Information system is technically a set of interrelated components that collect process, store, and disseminate information about significant people, places, and things within organizations or in environment around it. It refers not only to information and communication technology an organization uses, but also to the way in which people interact with this technology in support of business processes. From business perspectives, an information system helps business manager make better decisions or improve the execution of business. It increases the firm's revenue or reduces its costs to provide economic value to the business.
Businesses Globalization Trends
With the trends of globalization of the world's industrial economies, businesses are turning themselves into global concerns. They are facing challenges of worldwide purchasing over suppliers, manufacturing in locations with comparative advantages and providing all locations with the same level of customer service, etc. To handle these challenges, firms will need faster communications and information processing. As the result, organizations will have to rely more on IT for management.
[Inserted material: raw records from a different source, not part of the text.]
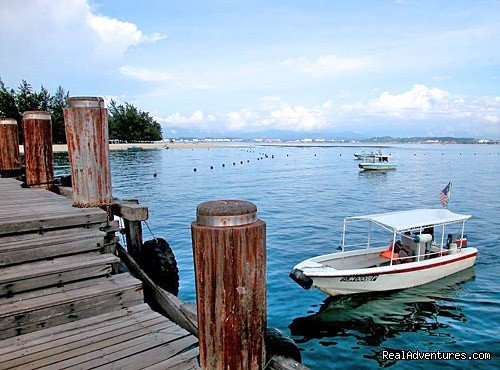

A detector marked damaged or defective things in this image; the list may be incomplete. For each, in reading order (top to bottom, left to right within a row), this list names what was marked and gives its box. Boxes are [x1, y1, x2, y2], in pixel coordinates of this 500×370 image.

rusty mooring post [0, 118, 21, 177]
rusty metal piling [0, 118, 21, 177]
rusty mooring post [22, 112, 54, 188]
rusty metal piling [22, 112, 54, 188]
rusty mooring post [63, 97, 112, 210]
rusty metal piling [63, 97, 112, 210]
rusty mooring post [190, 201, 266, 368]
rusty metal piling [190, 201, 266, 368]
Information technology acts like the glue that can hold an international organization together and help coordinate its operations. The internet, and particularly the intranet, is helping to provide connectivity, information sharing and coordination worldwide.
Intranet Definition
An internet/intranet application uses Internet standards to link host computers with user machines in client-server architecture. An intranet is a private network that uses WWW technology within an organization to give employees on-line access to a company's informational resources through individual computers. The properly developed software "firewall" protects it from outside network by controlling as the gateway to corporate information, application, employee collaboration and communication tools.
Intranet Impact on Global Corporations
BT, which is known as British Telecom, has now 160,000 intranet users in 170 countries. Why it is so popular? Initially, the intranet was launched in 1994 to reduce the amount of paper and printing in the organization for cost-saving. Indeed, it had certain cost-effective features since it reduced the running cost. Besides the saving cost of printing documents, expenses on telephone, travel, conferences were also avoided to a certain level. However, dramatically, its impact on the organization is far more than that. The first level of effects is the anticipated technical gains in terms of efficiency and productivity. Technically, intranets are used to support internal transactions and business processes. It is being used as a platform to deliver tools and applications, such as sales and customer relationship management tools, project management, to advance productivity. One important aspect of intranets is that it enables electronic customer/supplier relationship: companies are rapidly adopting electronic data interchange intranet technologies speed the ordering process and improve accuracy.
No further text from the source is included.